No final de 2009, vivi a experiência de voltar a ser solteiro depois de 17 anos com uma família, quatro filhos, duas netas, cinco cachorros... E aos poucos, voltei a reescrever poesias guardadas em velhos sacos de papel. Voltei a comprar algumas brigas pelos blogs da vida. Voltei a polemizar, até me filiando ao PCdoB, pelo qual sonhei em organizar um grupo para mudar o status quo local, mas fracassei. Até um plebiscito pela criação de um novo estado, enfrentei. E fracassei. E me envolvi num sem-número de atividades como ativista cultural, ambientalista, pesquisador de história e voltei até a ser sindicalista! E em muitas coisas fracassei. Enquanto isso o açúcar se acumulava no sangue, até eu ser agarrado pelo mal do século: o diabetes. E tenho tentado me curar, mas tenho fracassado. Puxão de orelha do velho Ninos.

Aos 50 anos, chego ao terrível dilema de continuar querendo “dizer o que penso”. Seja em um programa de rádio, seja nas redes sociais, seja neste pobre blog, que de vez em quando abandono.
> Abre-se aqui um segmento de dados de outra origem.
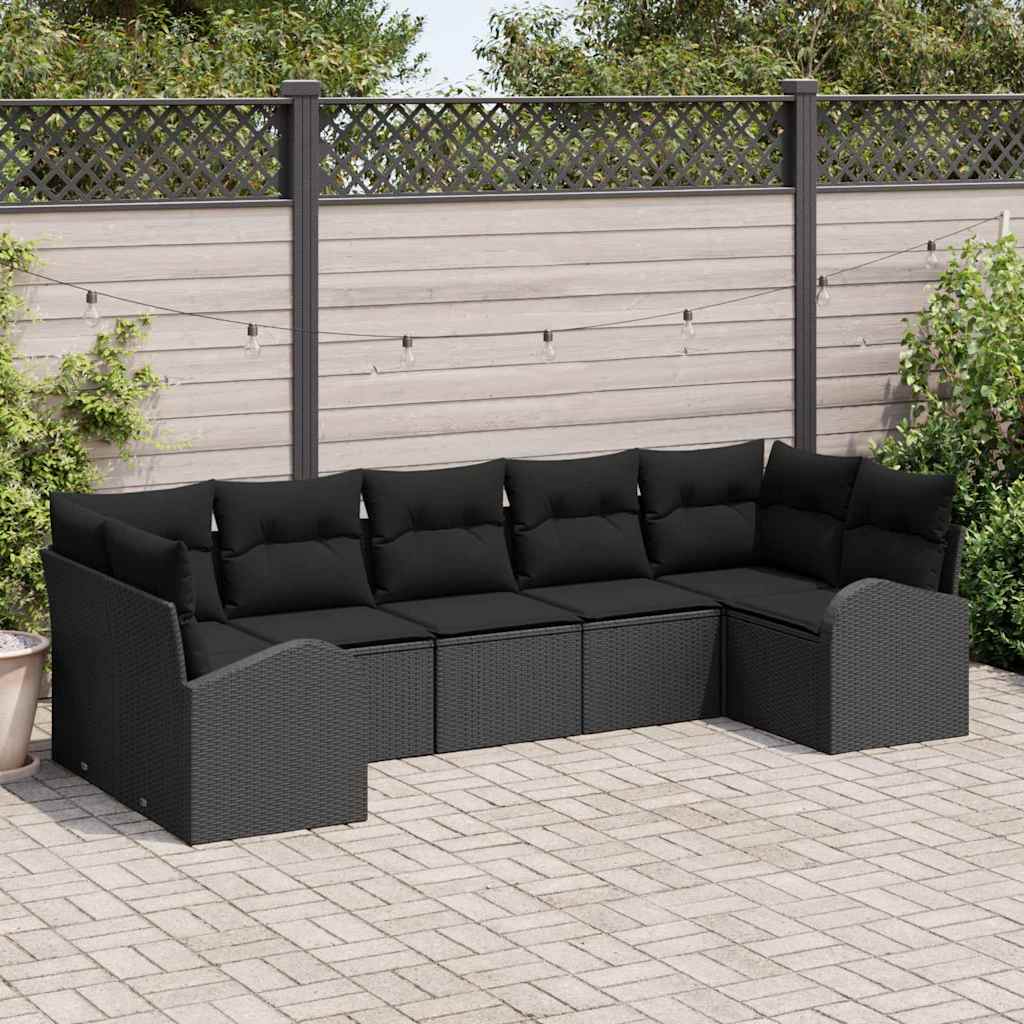 Conjunto de Sofá de Jardim 7 pcs Preto Rattan Sintético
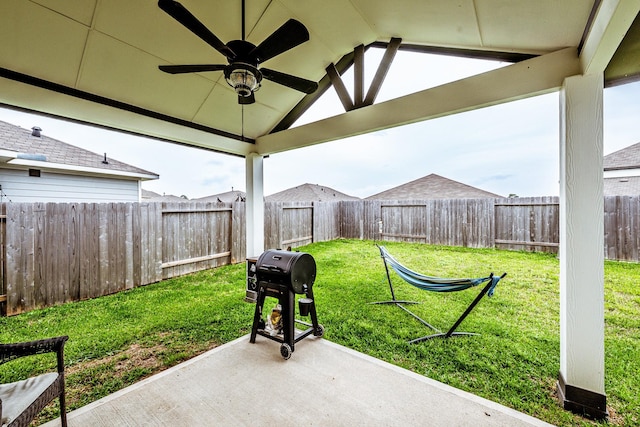 25843 Hickory Pecan Trl, Tomball, TX 77375 - view of patio / terrace with ceiling fan and area for grilling
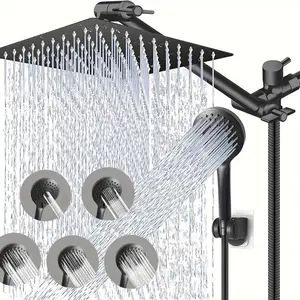 Shower Head, High-pressure Rain Shower Head & Handheld Shower Combination with Extension Arm, Adjustable Shower Heads with Bracket & Hose, High Pressure Showerhead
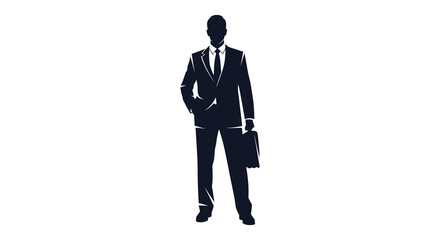 A formal business professional stands confidently with a briefcase in a dark silhouette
Não existe fracasso quando se quer dizer liberdade. Talvez seja uma questão de ponderar que já não tenho o vigor da juventude para abraçar tantas causas. Então o primeiro passo talvez seja me desvencilhar da maioria das atividades e tentar a tal “vida saudável”. Depois do TCC de Especialização, quem sabe um mestrado e/ou doutorado? Quem sabe um livro dois, livros? Quem sabe um filho, uma árvore?..

10 de julho de 2013. Meio dia. De volta a Santarém. Tempo de lembrar o que tenho feito recentemente, para chegar aos 50 anos.

De um ano pra cá encontrei uma nova razão para continuar “dizendo o que penso”. Um novo amor, que não me cobra a juventude (plena, que já não tenho), e sim a experiência de que precisamos para os novos tempos em que muita gente vai às ruas “dizer o que pensa”.

Eu (com cara de babaca) com minha nova razão de viver, Ana Charlene.

O que importa, nestas primeiras horas do meu meio século, é que eu não queira a eternidade por um punhado de areia nas mãos, nem tampouco sonhar em virar uma cigarra...

13 de julho de 2013. Um pouco mais da meia-noite. Termino o texto e revigoro o blog. O recado do seu Ninos está aí.

EU DIGO O QUE PENSO: FELIZ ANIVERSÁRIO, SEU BABACA!




5 comentários:

Anônimo disse...

Jota, chegar a meio século não é para qualquer um não!! Já passei por isso, e quando se pula esses 50, tudo fica mais novo, mais esperto, mais lúdico, mais amadurecido. As lembranças são muitas, muitas boas, ruins, engraçadas, amorosas, tristes, alegres... são histórias que ficam na mente a nos empurrar aos 100!! Jota, que novos 50 venham, não tenha medo!! Hoje, podemos ser o quer queremos, podemos dizer e falar o que pensamos sem traumas, sem mágoas, afinal já passamos dos 50.

Dornélio

Georgios Ninos disse...

Me emocionei lendo esse post pai. Te amo.

Georgios Ninos disse...

Me emocionei lendo esse post, pai. Te amo.

Anônimo disse...

Parabéns Ninos. A caminhada continua. Siga em frente. Que venham outros cinquentas. Rs.
Neucivaldo Moreira

Ismael Moraes disse...

Que bela crônica que encontro nesta madrugada. Parabéns pela pena de escrever e pela pena de viver.